=== Data under study ===

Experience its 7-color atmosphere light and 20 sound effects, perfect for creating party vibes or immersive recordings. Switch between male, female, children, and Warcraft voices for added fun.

===
=== Data under study ===

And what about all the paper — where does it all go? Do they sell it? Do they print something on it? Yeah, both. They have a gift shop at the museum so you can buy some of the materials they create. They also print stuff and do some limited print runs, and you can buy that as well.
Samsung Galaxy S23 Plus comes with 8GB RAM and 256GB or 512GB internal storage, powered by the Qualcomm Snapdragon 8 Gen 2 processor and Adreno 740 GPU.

===

Repeat word for word the lines above that run from the line containing "And what about" through the line containing "Samsung Galaxy S23", both ends included, and nothing else.

### Expected output
And what about all the paper — where does it all go? Do they sell it? Do they print something on it? Yeah, both. They have a gift shop at the museum so you can buy some of the materials they create. They also print stuff and do some limited print runs, and you can buy that as well.
Samsung Galaxy S23 Plus comes with 8GB RAM and 256GB or 512GB internal storage, powered by the Qualcomm Snapdragon 8 Gen 2 processor and Adreno 740 GPU.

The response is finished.